Yes, yet another savings post, but this is where we’re at right now.

Although travel remains out of picture for the rest of this year, Brett and I have big plans for the future, and our Number One priority now is to save, save, save. We want to sock away as much as possible to not only cover setting off on our next big adventure but to have enough to get ourselves to YaYu’s graduation in the spring of next year and to Japan in the fall.

Back in 2017 and last year I posted the list below of ways to save for travel. Since Brett and I are once again back into savings mode big time we are following our own saving advice and it’s making a big difference. Besides getting YaYu through school, future travel is our priority now, and in spite of rising inflation we’ve made a game of seeing how much we can put away each month.

Here’s how things we’re doing currently are going (using our own savings tips). Even on a fixed income there are still ways to save if travel or something else is a priority:

  1. Set up a dedicated travel savings account, and start a monthly allotment to that account. We have gone over our budget with a fine-toothed comb and found ways we could cut back so we’ve been able to increase the amount that goes into this account. The current amount will increase again once we get YaYu’s final bill paid in December – just a few more months to go!
  2. Save on regular budget categories, and then put the difference into travel savings. We do this every month, although it’s not easy lately with prices creeping up everywhere. One way we’re saving this way is rather than filling the tank when he goes for gasoline, Brett stops at a present amount about $7 under what a full tank would cost. The amount nearly fills the tank and seems to be enough for now to cover our driving. The extra $7 goes into our savings.
  3. Do a “no-spend” week, or month, and deposit all usual discretionary spending amounts into your savings. We have a full-time needs over wants mindset and do very little spending outside of fulfilling our needs. We have almost no discretionary spending, and what we do have is planned. Every week is pretty much a no-spend week, and almost all spending we do is planned in advance.
  4. Save change and $1 bills. Saving $1 bills and change is a habit for us now, but we are not shopping much these days and are putting away less than we used to. Only one store, Safeway, now lets us round up to the nearest $5, and we rarely shop there. The goal these days is to put away at least $300 per year. It’s not much, but like everything else, it helps. We have compared this to using a cash back credit card, and this method provides more savings.
  5. Recognize needs versus wants. We’ve got this down.
  6. Dedicate all refunds, rebates and gifts to travel savings. We don’t get many rebates/refunds now, but they still all go into the travel savings account when they do show up, like our Costco rebate last February. Once a year two of our three daughters refund us the cost of keeping them on our phone plan; next year all three will be sending us an annual payment.
  7. Get a travel rewards credit card. We use our rewards card to buy groceries and then pay the card balance immediately. It’s not a lot, but again, it adds up.
  8. Sell unused or unnecessary things. We have started going through our apartment and are already selling items we don’t use and know we will not be keeping. This includes items we have been storing for the girls and they have said they no longer want. I created my Etsy shop to sell our Japanese things, including my hashioki collection. We are putting nothing into storage when we leave this time, another big savings. We also try to sell one item a month through our local Buy & Sell group.
  9. Get a part-time job. We still have absolutely no interest in taking on jobs, even part-time, but I am now earning a small income from the blog, my Etsy shop is bringing in some income, we sell something on Buy & Sell, and we get a monthly payment from our neighbor for sharing our Internet. None of it is going to make us rich, but it does add up to a few hundred dollars a month.
  10. Be creative. I have earned three $500 Delta Airlines gift cards through Swagbucks for future travel and want to earn two more before we leave Hawaii. Swagbucks can drive me mad at times, but those gift cards will make a real difference. We still pick up change when we find it, and recycle bottles and cans as well. There are loads of other ways to earn extra money as well; these are the ones that work for us.
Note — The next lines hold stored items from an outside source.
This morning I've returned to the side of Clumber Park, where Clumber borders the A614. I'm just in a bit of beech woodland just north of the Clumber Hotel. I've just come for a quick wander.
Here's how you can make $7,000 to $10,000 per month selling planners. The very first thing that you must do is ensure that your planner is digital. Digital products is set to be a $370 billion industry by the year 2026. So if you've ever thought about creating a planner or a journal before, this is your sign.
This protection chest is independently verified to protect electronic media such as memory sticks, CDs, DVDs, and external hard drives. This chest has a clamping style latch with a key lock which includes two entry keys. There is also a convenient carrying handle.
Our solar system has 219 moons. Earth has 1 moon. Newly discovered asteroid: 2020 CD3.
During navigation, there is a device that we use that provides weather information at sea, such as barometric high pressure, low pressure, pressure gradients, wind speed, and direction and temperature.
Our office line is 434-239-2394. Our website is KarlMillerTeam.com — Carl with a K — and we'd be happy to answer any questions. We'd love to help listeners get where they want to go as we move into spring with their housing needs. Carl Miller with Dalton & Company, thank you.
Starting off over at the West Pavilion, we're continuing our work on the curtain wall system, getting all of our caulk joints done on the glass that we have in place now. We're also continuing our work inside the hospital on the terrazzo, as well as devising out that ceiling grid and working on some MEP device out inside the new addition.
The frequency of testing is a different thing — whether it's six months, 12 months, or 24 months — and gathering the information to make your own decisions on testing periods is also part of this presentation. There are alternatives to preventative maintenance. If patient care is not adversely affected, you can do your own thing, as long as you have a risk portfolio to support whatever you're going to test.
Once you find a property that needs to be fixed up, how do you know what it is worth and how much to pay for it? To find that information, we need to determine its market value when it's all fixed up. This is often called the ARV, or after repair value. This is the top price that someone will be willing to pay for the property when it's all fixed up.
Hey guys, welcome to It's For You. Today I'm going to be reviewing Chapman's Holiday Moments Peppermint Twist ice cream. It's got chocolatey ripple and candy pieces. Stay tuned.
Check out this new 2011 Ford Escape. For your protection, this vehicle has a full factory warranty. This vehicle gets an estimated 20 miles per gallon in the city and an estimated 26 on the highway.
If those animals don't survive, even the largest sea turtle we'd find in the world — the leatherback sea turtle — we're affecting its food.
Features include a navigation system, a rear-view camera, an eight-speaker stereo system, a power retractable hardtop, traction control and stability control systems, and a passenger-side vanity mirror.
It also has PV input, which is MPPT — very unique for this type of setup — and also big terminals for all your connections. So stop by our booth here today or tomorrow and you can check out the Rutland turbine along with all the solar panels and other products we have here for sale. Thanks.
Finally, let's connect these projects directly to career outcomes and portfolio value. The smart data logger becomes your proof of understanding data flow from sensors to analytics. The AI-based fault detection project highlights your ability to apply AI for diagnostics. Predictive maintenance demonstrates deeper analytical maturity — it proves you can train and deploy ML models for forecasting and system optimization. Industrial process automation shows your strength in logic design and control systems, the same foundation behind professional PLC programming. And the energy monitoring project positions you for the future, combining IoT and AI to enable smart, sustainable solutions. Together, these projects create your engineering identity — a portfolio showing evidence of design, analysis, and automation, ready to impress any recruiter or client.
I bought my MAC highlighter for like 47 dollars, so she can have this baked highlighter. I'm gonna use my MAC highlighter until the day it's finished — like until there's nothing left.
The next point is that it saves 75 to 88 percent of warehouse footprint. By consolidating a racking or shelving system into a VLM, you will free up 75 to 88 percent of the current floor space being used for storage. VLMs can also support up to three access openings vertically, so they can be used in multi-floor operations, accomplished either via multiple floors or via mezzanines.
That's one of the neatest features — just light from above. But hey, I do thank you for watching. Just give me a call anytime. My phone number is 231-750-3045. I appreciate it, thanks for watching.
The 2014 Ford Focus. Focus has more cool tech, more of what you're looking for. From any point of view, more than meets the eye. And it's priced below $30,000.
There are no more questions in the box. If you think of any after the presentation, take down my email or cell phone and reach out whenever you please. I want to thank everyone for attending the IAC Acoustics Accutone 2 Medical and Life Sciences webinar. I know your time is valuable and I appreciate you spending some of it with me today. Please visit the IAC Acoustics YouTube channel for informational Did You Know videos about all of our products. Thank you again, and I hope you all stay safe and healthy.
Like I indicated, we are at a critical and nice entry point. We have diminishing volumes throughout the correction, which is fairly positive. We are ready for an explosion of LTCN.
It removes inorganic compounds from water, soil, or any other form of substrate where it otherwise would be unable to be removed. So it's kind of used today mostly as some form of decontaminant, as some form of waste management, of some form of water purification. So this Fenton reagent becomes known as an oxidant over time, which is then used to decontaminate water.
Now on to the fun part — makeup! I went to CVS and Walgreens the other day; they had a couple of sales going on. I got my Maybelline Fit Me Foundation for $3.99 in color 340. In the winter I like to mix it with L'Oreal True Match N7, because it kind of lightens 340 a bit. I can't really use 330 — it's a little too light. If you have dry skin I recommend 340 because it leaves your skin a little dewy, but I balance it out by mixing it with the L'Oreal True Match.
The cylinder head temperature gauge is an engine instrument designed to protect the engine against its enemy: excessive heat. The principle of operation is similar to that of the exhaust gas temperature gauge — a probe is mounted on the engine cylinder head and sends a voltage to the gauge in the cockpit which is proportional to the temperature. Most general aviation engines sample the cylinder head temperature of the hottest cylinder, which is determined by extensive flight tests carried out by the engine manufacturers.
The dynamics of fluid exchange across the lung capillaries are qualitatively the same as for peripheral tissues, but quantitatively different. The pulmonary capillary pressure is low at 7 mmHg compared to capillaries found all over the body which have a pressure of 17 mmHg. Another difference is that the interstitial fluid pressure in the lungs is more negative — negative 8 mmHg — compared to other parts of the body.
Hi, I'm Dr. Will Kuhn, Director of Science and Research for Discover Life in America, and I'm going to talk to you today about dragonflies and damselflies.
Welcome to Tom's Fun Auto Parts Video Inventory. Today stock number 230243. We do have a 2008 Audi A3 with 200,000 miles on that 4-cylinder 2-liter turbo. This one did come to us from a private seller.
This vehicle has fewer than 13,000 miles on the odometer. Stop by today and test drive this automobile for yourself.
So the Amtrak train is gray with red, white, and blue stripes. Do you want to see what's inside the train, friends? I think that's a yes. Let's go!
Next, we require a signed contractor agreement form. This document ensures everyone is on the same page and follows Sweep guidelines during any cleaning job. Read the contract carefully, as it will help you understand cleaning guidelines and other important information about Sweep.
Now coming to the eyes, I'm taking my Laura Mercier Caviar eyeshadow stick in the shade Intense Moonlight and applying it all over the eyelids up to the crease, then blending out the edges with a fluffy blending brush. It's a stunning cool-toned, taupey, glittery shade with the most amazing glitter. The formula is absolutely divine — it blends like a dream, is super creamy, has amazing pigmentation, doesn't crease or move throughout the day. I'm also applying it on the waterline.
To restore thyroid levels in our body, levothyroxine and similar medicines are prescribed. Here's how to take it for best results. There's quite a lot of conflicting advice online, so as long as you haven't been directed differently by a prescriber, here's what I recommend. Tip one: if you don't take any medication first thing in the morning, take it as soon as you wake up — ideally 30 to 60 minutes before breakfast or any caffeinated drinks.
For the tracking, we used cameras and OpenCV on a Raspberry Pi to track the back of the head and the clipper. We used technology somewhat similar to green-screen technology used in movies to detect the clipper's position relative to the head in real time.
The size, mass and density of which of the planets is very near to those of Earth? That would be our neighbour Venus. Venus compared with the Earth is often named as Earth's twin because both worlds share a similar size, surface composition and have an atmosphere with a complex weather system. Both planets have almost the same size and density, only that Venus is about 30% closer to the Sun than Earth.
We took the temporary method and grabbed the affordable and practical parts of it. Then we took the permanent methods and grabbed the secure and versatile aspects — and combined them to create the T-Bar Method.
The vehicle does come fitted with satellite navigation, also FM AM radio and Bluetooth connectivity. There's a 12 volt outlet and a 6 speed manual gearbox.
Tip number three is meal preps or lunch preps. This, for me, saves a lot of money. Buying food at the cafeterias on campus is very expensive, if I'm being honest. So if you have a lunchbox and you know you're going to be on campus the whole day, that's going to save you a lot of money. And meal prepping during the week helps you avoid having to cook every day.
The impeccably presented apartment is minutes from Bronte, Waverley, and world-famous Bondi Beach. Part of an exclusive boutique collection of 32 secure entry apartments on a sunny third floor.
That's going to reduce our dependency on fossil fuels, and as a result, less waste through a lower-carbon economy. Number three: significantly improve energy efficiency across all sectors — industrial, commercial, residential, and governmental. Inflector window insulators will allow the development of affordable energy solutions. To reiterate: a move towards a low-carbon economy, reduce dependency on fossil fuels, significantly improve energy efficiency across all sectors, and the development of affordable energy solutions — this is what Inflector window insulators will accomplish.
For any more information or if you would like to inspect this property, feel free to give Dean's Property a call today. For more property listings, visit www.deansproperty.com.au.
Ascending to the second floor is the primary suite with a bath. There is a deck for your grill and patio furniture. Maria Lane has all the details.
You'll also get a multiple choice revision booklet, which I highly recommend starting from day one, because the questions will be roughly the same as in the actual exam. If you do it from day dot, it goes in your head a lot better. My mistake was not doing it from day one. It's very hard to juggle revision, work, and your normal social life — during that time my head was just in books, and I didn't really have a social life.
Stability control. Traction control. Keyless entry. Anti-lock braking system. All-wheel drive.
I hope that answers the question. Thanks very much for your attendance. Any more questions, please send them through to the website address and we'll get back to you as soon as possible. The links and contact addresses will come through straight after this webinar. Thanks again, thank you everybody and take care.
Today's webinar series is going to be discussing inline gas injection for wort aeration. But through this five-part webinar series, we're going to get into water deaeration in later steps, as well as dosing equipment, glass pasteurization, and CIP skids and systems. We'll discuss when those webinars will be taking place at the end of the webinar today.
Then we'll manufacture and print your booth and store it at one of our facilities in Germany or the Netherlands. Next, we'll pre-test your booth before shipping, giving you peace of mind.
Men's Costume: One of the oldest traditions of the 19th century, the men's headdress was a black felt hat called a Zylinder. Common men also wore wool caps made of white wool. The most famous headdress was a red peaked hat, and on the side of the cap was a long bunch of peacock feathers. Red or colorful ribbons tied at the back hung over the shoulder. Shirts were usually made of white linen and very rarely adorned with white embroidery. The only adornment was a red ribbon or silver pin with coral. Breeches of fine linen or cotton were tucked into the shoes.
These ways to save got us over to Hawai’i in 2014, and helped us set out on our Big Adventure in 2018, and we’re confident will get us on the road again in style in 2023! Game on!

8 thoughts on “Full-Time Saving

  1. First of all, I don’t know where the time has gone, I’ve been following your blog since the year before you moved!

    My ex used to drive for Uber on the weekends to bring in some extra money to pay off his student loans. Probably not doable for you, but my uncle lives in Tucson, and he started doing it as well on weekday mornings around the university. He’s a sociable guy and enjoyed meeting people and making a little extra. Your tips reminded me of him!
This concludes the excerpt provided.